In this study, we proposed to integrate deep reinforcement learning into a spatiotemporal neural process simulator for finding optimal training scenarios in COVID-19 simulations. Our approach involved replacing the brute-force search approach with a Deep-Q Network that outputs Q-values for each set of simulation parameters. We trained the DQN on the STNP model, which learns the behavior of the SEIR simulator with respect to different scenarios of COVID latent period and transmissibility rate. Our goal was to evaluate the performance of the DQN in exploring the parameter space efficiently and effectively. To guarantee the DQN model performance with higher acquisition values, we can as well substitute 3(d) in algorithm 2 by selecting top-10 actions from the DQN model, then evaluate with acquisition function, and acquire the training data with max reward. In terms of runtime complexity, it is still constant time, given that we did narrow down the scope of parameter candidates.

The magnitude and distribution of latent variables varies across STNP training iterations. Therefore, to prevent the DQN from learning the magnitude instead of the representations, we have normalized the observation states. Our results showed that the DQN model was able to retrieve a significant number of parameters with the highest acquisition values, especially during the initial training epochs. The model’s total rewards increased in the initial training epochs, indicating that the DQN was able to explore the parameter space efficiently. However, the performance of the model decreased after approximately 300 episodes, which may be due to the varying magnitude and distribution of the latent variables across different iterations.

Overall, this study demonstrates the potential of using deep reinforcement learning in spatiotemporal neural process simulations for optimal data selection. However, further research is needed to improve the efficiency and robustness of the proposed method in handling the dynamic and complex nature of infectious disease simulations.

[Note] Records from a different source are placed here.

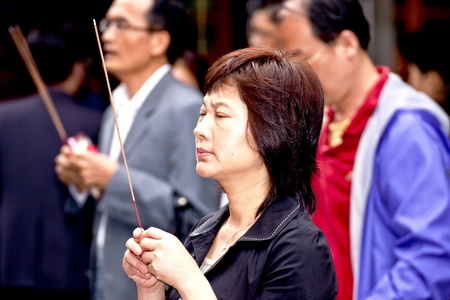 Taipei-May 24:closeup of a woman in prayer in chinese temple on May 24,2011 in Taiwanのeditorial素材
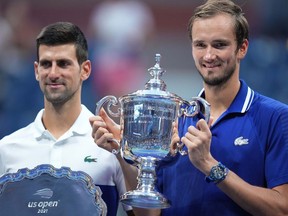 Novak Djokovic of Serbia and Daniil Medvedev of Russia celebrate with the finalist and championship trophies, respectively, after their match in the men's singles final on day fourteen of the 2021 U.S. Open tennis tournament at USTA Billie Jean King National Tennis Center.
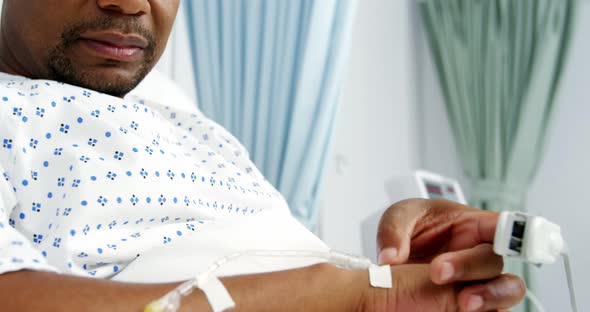 Male patient lying on bed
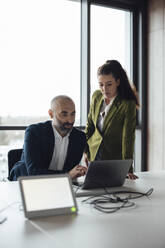 Mature businessman and businesswoman having discussion over laptop - JOSEF20188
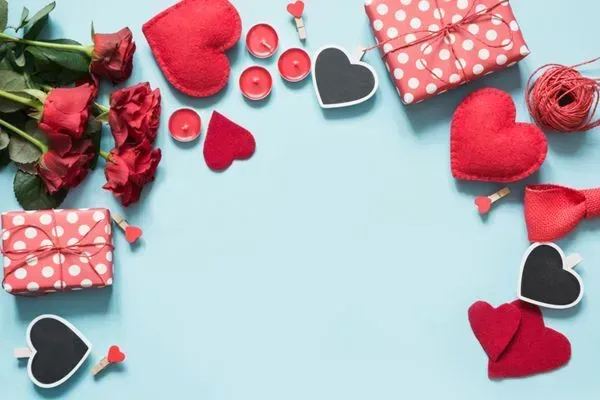 Valentine-themed flat lay with red roses, heart decorations, and wrapped gift boxes on a light blue background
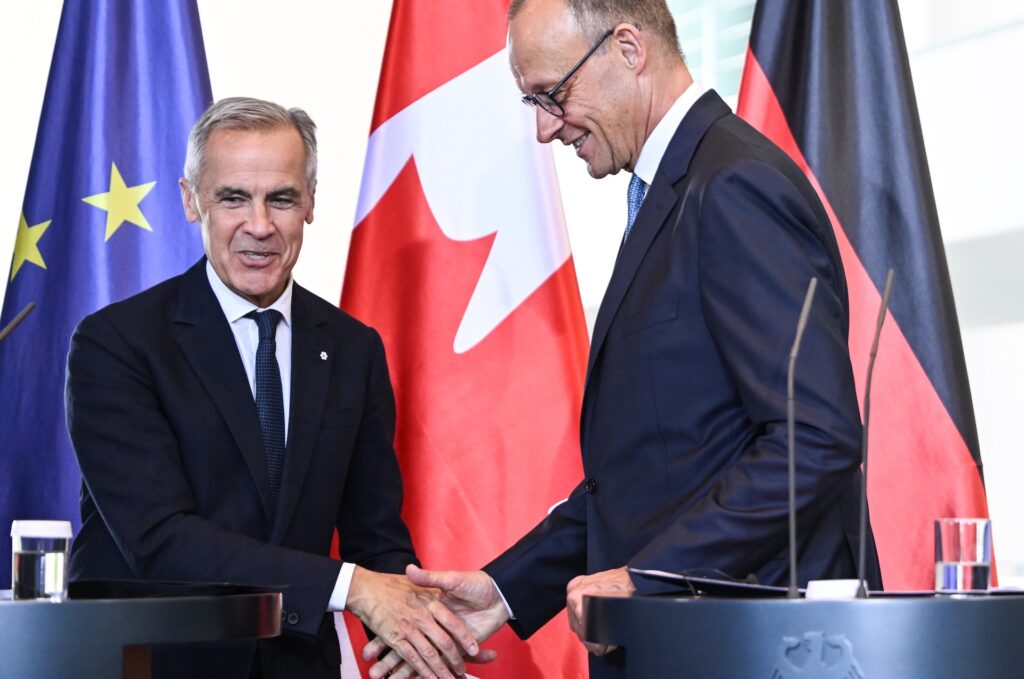 Mark Carney shaking hands with German Chancellor Friedrich Merz, with EU, Canadian and German flags in the background. Both men are smiling.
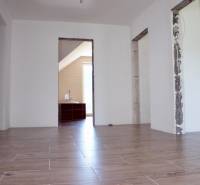 Innenraum eines Einfamilienhauses mit Holzboden und unbedeckten Bauöffnungen.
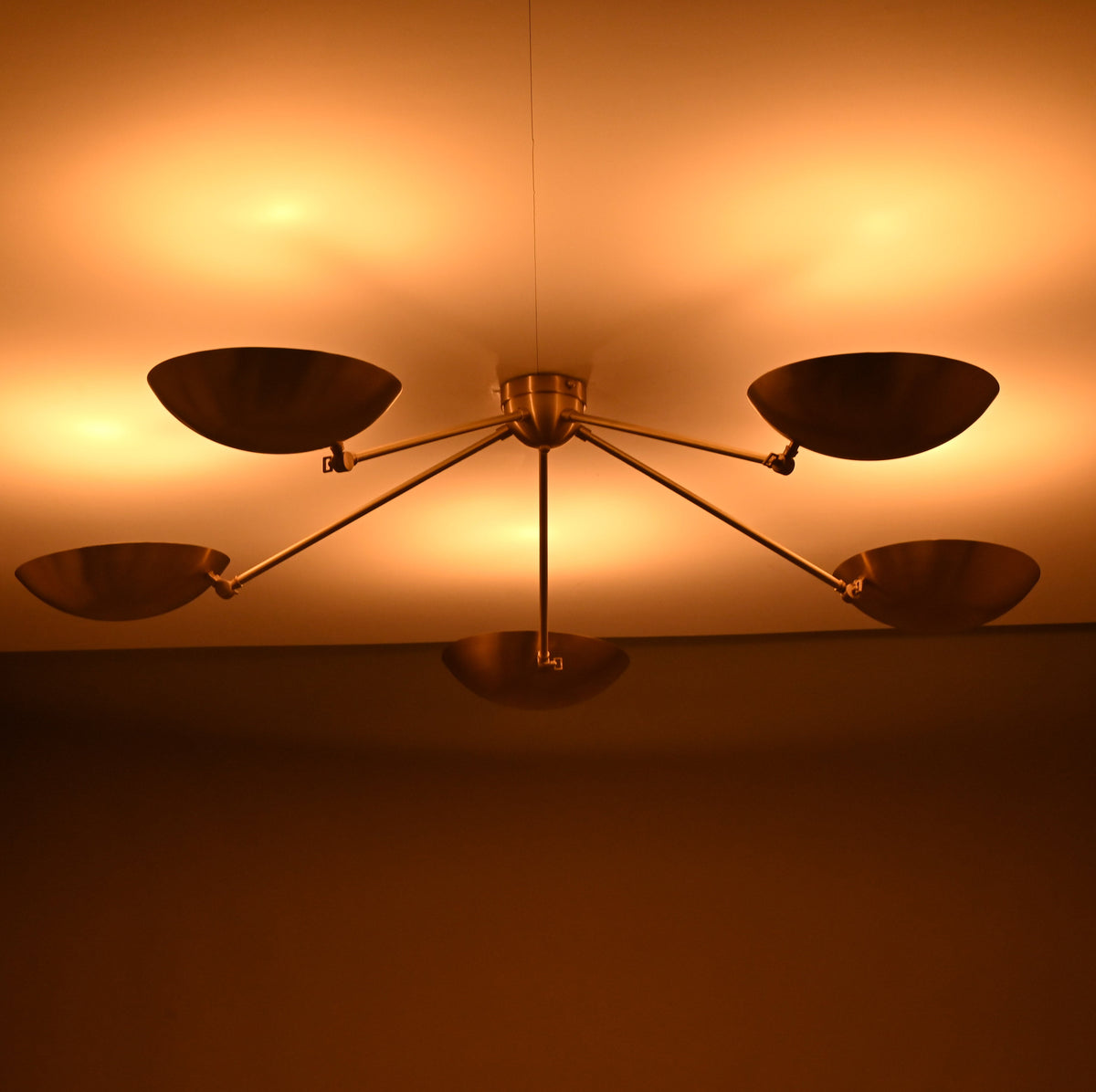 Warm ambient lighting effect from brass flushmount chandelier with bowl shades illuminating the ceiling.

To further improve the performance of our proposed method, there are several areas that can be explored. First, adjusting the learning rate of the DQN could potentially enhance the model’s ability to converge faster and reach higher rewards. Additionally, reducing the buffer size could help to prevent the model from becoming overfit and improve its generalization ability. Another potential area for improvement is to adjust the number of actions per episode to prioritize actions with more rewards. By assigning higher weights to actions with higher rewards, the model can focus on most informative parameters and avoid wasting time exploring less useful ones. Besides, normalizing state and reward values could also help to reduce the variation in magnitude from different scenarios and prevent the DQN from overfitting on specific scenarios. Adding more randomness to the model’s decision-making process could also improve its exploration ability and prevent it from getting stuck in local minima. Furthermore, tuning the model architecture and adjusting the hyperparameters could lead to better performance. This includes experimenting with different activation functions, hidden layer sizes, and regularization techniques.